Krautz was acquitted of the charges in 2006, just days after Enron founder Kenneth Lay and CEO Jeffrey Skilling were convicted on similar charges in one of the biggest business scandals in U.S. history.
“Barry’s unwavering commitment to his clients, the defense function, and the Constitution serves as inspiration to criminal defense lawyers across the nation,” Christopher W. Adams, president of the National Association of Criminal Defense Lawyers, said in 2021, as the organization honored Pollack with its Robert C. Heeney Memorial Award.
Maduro also added constitutional law expert Bruce Fein to his legal defense team, according to a notice on the court docket on Tuesday. Fein has written critically about the Trump administration’s deportation policies and the president’s use of pardons.
Maduro’s wife’s lawyer
Houston-based defense attorney Mark Donnelly, a former federal prosecutor, has been retained by Maduro’s wife, Cilia Flores.
Donnelly is the former senior advisor to the U.S. Attorney for the Southern District of Texas and was a federal prosecutor for 12 years before going into private practice. He is now a partner in the Houston law firm Parker Sanchez & Donnelly.
“With over 100 jury trials under his belt, Mark not only is extremely comfortable in the courtroom, but also has the knowledge and experience to guide clients through all phases of representation,” his bio on his law firm’s website says.
According to the bio, Donnelly spent eight years as a prosecutor in the Harris County, Texas, District Attorney’s Office, where he led investigations into elected officials and others charged with violating the public trust.

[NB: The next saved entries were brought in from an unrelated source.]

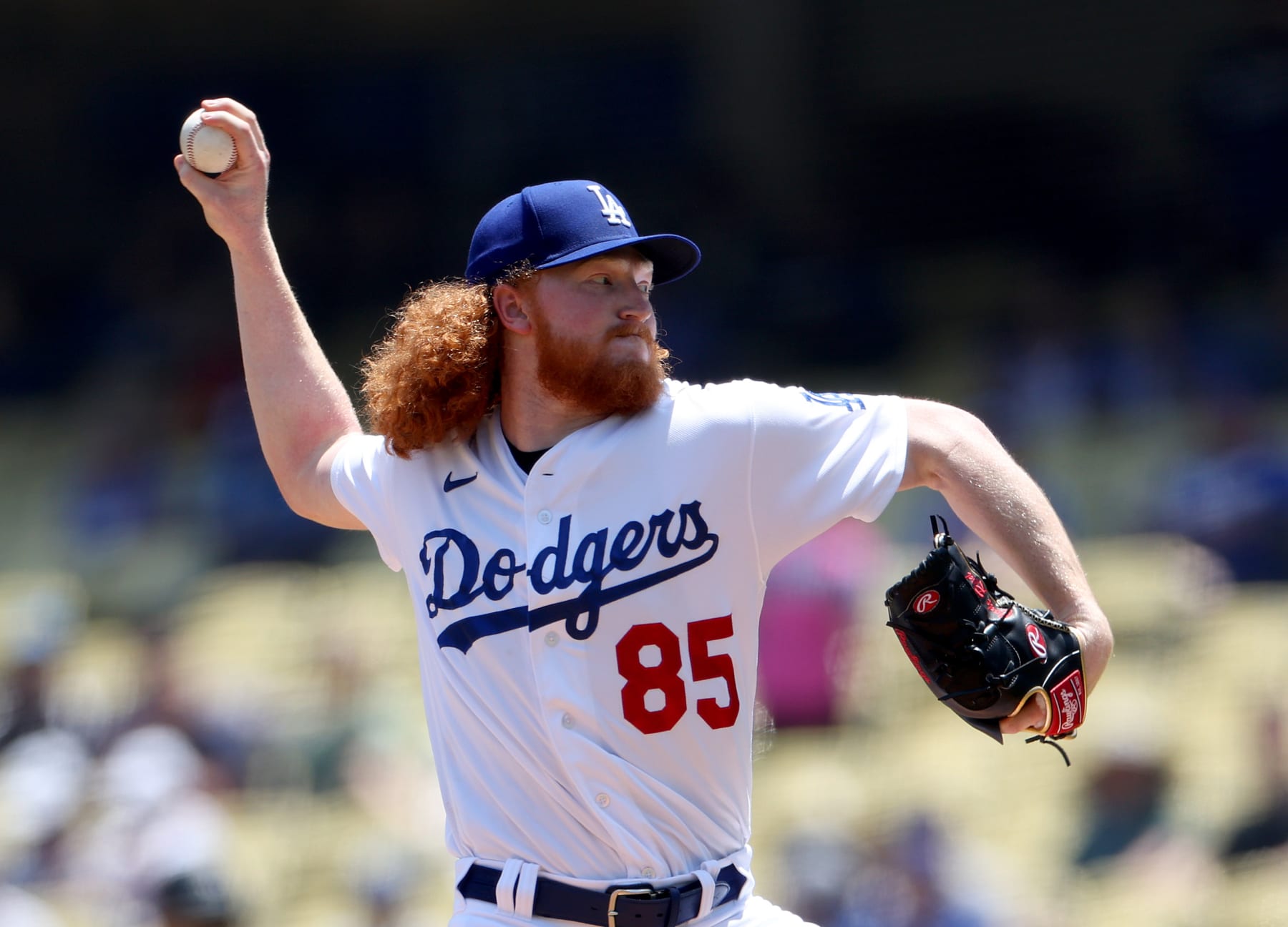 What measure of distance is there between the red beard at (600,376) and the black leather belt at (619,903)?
62 centimetres

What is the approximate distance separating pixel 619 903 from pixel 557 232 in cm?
88

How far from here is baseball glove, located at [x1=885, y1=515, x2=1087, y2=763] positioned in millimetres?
1854

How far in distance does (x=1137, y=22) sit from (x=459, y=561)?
18.1 feet

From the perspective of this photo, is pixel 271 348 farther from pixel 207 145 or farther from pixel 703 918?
pixel 703 918

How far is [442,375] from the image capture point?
210 cm

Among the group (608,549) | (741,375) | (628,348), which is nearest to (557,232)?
(628,348)

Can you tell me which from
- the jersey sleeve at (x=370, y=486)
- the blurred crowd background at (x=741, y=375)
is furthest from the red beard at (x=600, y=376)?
the blurred crowd background at (x=741, y=375)

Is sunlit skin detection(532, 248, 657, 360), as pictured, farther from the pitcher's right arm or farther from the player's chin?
the pitcher's right arm

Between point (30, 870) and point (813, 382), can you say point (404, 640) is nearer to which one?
point (30, 870)

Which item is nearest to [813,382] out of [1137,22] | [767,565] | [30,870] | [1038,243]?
[1038,243]

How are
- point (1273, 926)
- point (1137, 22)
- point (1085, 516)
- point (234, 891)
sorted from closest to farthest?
point (1273, 926) → point (234, 891) → point (1085, 516) → point (1137, 22)

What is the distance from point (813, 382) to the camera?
22.7ft

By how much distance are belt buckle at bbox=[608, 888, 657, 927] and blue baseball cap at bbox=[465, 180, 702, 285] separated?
82 cm

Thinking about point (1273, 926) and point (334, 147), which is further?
point (334, 147) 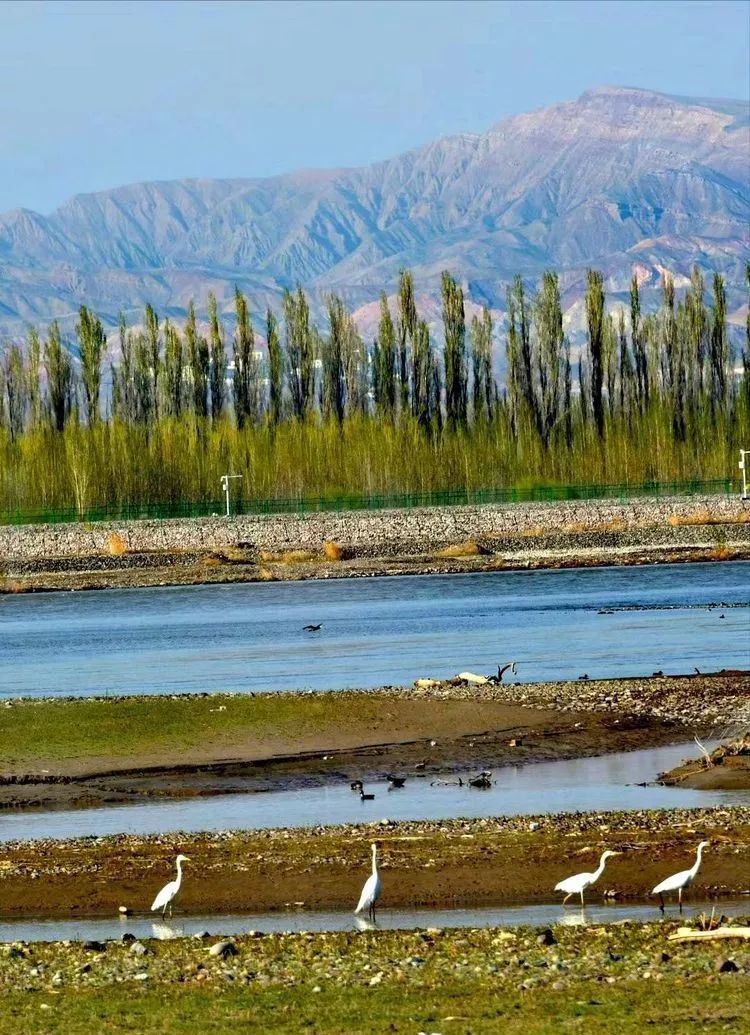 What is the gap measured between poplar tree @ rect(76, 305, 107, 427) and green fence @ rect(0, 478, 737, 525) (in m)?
7.47

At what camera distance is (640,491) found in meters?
89.1

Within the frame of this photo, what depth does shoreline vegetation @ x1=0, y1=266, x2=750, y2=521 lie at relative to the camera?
89500 millimetres

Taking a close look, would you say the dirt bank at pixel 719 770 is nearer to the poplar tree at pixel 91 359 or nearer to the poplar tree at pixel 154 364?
the poplar tree at pixel 91 359

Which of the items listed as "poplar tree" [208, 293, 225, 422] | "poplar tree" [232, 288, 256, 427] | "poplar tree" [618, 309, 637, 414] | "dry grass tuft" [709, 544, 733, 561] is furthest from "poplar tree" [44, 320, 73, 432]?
"dry grass tuft" [709, 544, 733, 561]

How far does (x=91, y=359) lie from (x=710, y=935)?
302ft

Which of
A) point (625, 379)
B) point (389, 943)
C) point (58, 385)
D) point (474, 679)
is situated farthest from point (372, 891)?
point (625, 379)

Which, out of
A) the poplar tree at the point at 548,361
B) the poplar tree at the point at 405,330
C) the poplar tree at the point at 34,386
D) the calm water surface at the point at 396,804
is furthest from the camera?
the poplar tree at the point at 405,330

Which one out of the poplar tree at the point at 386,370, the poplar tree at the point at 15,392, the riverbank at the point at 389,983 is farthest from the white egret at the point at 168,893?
the poplar tree at the point at 15,392

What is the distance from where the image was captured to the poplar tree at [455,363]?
97938 millimetres

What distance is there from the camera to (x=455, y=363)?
324 feet

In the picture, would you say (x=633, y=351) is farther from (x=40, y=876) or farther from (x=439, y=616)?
(x=40, y=876)

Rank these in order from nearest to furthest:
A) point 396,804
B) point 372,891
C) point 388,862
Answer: point 372,891 < point 388,862 < point 396,804

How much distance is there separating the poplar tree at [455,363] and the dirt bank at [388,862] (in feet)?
247

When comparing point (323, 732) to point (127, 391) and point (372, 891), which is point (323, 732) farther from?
point (127, 391) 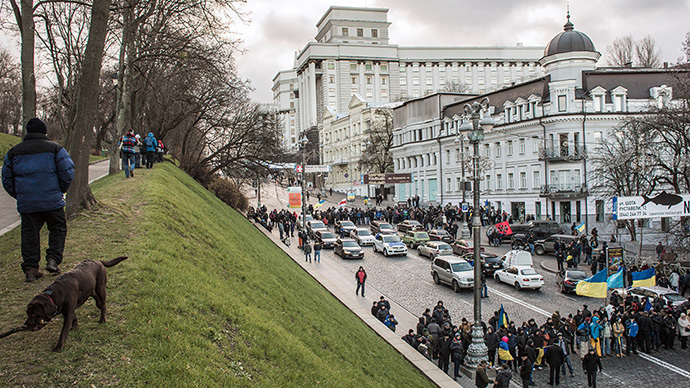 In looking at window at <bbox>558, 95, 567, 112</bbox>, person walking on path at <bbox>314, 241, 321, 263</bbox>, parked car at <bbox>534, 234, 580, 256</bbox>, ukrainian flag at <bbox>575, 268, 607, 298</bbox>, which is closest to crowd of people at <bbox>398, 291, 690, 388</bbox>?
ukrainian flag at <bbox>575, 268, 607, 298</bbox>

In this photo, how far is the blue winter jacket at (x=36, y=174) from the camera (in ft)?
25.3

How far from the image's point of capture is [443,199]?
211 feet

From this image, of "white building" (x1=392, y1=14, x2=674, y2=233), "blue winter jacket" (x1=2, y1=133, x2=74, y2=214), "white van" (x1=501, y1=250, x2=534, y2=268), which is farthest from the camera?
"white building" (x1=392, y1=14, x2=674, y2=233)

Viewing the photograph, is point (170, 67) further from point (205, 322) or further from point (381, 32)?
point (381, 32)

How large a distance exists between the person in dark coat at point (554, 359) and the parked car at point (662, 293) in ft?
25.6

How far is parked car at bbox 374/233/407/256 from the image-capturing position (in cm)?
3638

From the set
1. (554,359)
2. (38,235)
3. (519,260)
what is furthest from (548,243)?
(38,235)

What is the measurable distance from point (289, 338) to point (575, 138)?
45.4 meters

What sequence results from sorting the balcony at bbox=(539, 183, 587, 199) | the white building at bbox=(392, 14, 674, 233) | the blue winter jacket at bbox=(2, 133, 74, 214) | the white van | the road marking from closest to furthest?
the blue winter jacket at bbox=(2, 133, 74, 214)
the road marking
the white van
the balcony at bbox=(539, 183, 587, 199)
the white building at bbox=(392, 14, 674, 233)

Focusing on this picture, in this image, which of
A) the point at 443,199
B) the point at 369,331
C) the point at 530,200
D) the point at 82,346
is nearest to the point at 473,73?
the point at 443,199

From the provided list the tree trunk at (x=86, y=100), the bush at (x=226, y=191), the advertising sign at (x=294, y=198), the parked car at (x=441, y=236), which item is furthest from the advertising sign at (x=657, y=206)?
the bush at (x=226, y=191)

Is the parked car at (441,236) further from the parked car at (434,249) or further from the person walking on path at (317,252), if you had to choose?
the person walking on path at (317,252)

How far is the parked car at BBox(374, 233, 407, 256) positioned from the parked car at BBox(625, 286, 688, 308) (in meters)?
16.1

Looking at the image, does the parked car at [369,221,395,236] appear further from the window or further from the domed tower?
the domed tower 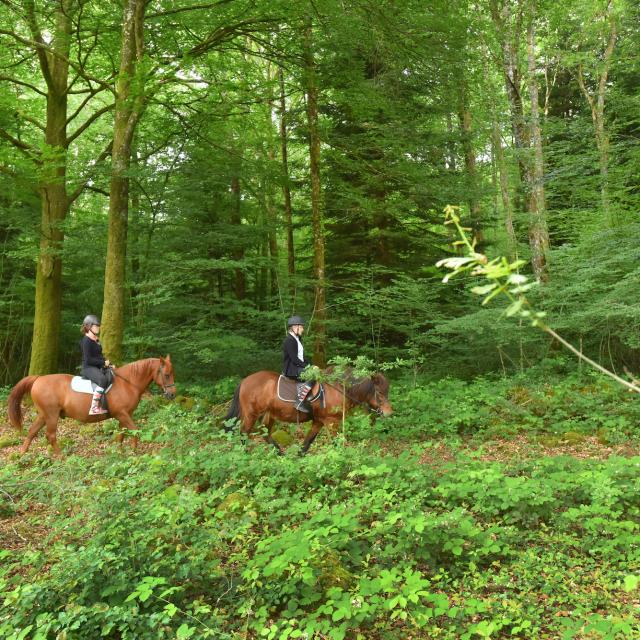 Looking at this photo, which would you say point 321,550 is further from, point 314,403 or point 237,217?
point 237,217

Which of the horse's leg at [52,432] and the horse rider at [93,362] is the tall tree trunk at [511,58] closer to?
the horse rider at [93,362]

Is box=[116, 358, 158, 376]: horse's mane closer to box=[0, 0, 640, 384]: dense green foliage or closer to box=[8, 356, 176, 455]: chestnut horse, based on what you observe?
box=[8, 356, 176, 455]: chestnut horse

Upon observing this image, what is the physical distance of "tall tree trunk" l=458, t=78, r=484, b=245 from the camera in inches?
489

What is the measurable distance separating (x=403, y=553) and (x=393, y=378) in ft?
31.2

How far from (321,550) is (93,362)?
19.6 feet

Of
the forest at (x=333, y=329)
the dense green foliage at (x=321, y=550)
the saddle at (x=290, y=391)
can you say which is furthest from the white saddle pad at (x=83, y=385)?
the saddle at (x=290, y=391)

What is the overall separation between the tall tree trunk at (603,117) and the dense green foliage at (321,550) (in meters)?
9.09

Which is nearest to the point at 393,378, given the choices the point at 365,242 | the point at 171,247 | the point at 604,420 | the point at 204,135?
the point at 365,242

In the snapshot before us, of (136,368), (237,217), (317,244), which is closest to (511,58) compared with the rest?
(317,244)

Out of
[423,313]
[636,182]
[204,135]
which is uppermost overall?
[204,135]

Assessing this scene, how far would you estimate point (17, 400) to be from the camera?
8.27m

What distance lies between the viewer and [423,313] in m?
12.6

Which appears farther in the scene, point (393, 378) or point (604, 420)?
point (393, 378)

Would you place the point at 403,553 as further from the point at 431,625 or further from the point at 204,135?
the point at 204,135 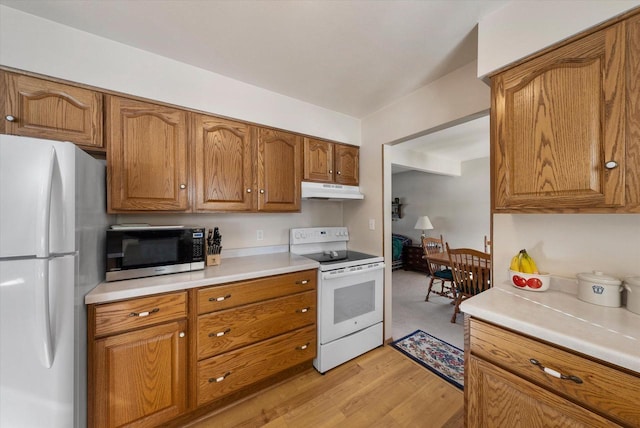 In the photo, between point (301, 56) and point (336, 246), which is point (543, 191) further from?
point (336, 246)

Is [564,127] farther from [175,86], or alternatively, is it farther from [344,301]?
[175,86]

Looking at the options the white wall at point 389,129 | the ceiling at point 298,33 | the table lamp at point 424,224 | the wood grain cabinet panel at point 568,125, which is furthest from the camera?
the table lamp at point 424,224

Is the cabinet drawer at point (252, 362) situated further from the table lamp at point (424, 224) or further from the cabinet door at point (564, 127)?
the table lamp at point (424, 224)

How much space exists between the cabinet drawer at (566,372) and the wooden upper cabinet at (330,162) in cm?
175

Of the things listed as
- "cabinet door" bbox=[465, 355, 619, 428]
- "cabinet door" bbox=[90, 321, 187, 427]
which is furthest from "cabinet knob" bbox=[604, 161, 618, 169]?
"cabinet door" bbox=[90, 321, 187, 427]

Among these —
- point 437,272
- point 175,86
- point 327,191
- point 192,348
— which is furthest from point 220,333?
point 437,272

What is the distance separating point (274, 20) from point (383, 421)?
2.63 metres

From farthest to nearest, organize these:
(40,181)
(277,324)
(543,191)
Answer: (277,324) < (543,191) < (40,181)

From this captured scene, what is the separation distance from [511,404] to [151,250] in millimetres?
2116

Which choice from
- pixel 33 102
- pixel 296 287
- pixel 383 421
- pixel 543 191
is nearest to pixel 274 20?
pixel 33 102

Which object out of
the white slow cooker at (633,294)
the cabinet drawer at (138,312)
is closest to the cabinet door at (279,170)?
the cabinet drawer at (138,312)

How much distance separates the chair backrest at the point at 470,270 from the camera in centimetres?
258

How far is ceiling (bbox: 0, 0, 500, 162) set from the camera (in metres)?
1.20

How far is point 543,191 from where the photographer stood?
107 cm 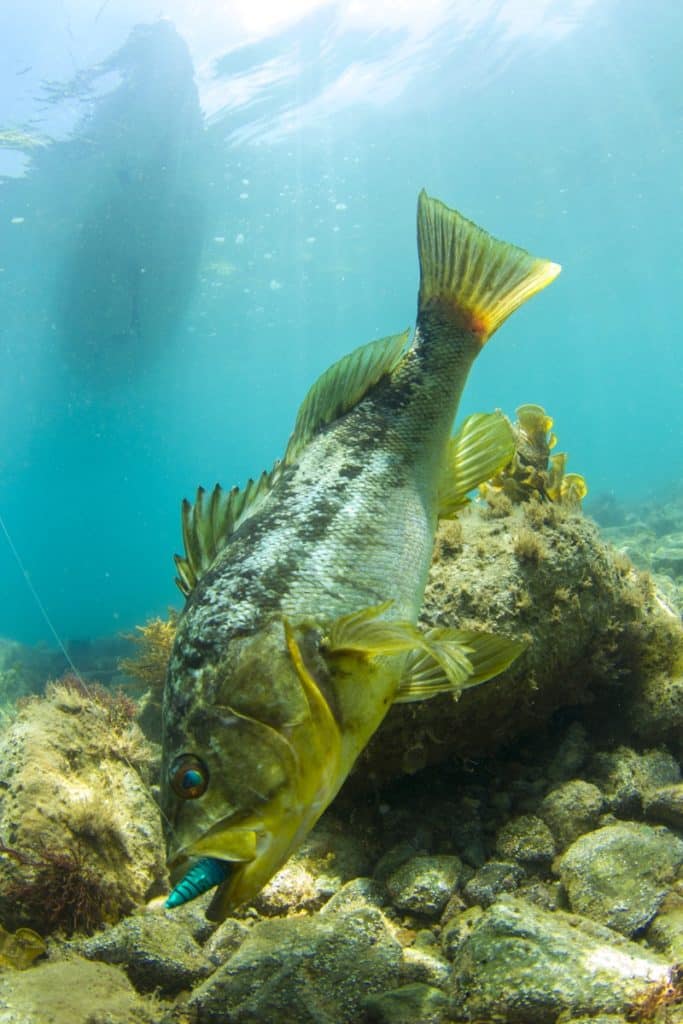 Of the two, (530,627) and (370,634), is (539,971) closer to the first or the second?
(370,634)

In 2023, the Texas House of Representatives recruited Donnelly to assist in the historic investigation and impeachment trial of then-state Attorney Gen. Ken Paxton, who was accused of bribery and abusing his office to protect a donor accused of making false statements to secure business loans.
Paxton, a Republican, was acquitted in September 2023.
Donnelly is a proficient Spanish speaker and was once designated as a bilingual assistant prosecutor for the Harris County District Attorney’s Office.
“We look forward to reviewing and challenging the evidence the government has,” Donnelly said in a statement to Houston Public Media about representing Flores. “While we would love to present our side now, we will wait to do so in court at the appropriate time. The first lady is aware that there is a long road ahead and is prepared.”